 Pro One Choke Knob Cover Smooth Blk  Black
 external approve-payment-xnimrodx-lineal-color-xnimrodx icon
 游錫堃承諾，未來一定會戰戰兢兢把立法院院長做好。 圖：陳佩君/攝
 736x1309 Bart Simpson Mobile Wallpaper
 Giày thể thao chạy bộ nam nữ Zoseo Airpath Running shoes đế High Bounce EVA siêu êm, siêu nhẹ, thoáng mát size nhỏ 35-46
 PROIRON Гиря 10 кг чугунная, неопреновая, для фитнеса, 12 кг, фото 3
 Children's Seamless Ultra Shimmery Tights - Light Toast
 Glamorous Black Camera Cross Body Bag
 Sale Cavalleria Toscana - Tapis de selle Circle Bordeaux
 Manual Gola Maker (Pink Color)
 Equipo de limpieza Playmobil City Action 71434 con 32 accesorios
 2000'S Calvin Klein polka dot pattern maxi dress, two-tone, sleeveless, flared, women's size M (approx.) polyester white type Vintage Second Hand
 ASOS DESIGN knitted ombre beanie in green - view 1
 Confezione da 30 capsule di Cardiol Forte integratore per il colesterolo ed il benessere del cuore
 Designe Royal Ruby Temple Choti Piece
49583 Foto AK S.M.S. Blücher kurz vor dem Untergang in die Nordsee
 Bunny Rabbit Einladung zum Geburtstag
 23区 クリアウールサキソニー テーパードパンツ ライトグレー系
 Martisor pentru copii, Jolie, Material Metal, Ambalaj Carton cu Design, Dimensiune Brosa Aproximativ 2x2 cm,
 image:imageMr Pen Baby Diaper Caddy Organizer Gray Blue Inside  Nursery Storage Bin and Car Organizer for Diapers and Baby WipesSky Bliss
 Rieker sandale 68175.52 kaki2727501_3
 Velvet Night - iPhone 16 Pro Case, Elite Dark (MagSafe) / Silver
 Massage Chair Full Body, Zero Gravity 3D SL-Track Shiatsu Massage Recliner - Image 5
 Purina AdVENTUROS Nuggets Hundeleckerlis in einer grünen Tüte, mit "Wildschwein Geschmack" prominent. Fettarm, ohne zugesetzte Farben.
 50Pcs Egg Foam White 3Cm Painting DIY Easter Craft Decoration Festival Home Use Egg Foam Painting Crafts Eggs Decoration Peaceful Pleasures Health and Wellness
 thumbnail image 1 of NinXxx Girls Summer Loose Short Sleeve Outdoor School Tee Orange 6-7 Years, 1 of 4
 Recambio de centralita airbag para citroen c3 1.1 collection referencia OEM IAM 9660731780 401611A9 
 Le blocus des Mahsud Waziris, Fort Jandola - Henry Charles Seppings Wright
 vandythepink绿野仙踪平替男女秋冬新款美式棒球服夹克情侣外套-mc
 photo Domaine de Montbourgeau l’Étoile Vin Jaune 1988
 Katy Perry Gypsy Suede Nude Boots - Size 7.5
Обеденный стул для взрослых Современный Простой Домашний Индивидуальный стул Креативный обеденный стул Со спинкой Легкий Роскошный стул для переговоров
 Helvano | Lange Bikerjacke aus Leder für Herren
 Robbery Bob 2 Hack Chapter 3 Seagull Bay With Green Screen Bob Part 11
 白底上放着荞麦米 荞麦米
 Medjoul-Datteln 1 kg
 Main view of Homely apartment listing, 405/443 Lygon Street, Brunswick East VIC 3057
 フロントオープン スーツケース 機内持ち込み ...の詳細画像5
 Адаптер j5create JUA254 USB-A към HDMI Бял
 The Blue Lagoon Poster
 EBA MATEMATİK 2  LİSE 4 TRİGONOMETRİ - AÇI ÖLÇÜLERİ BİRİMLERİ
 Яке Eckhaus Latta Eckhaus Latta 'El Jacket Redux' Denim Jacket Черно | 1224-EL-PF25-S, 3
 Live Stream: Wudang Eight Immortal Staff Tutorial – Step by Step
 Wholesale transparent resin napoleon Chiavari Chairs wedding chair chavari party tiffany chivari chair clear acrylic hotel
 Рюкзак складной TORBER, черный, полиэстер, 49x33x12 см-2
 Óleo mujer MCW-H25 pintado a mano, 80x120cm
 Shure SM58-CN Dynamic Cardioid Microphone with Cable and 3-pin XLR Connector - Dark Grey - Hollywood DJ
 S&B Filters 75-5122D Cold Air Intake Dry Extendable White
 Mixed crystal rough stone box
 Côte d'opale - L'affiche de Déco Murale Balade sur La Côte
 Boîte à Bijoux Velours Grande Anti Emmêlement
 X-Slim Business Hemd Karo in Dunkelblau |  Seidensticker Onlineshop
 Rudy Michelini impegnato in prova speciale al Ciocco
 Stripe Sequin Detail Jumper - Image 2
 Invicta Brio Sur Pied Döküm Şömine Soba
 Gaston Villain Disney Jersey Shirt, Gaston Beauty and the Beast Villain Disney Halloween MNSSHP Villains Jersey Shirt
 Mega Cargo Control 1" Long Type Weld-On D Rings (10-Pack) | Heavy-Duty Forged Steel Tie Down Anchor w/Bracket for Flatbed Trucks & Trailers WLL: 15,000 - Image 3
•••
* _Task description_
All lines above in which the word "view" occurs should be identified and copied.

* _Task response_
 ASOS DESIGN knitted ombre beanie in green - view 1
 Main view of Homely apartment listing, 405/443 Lygon Street, Brunswick East VIC 3057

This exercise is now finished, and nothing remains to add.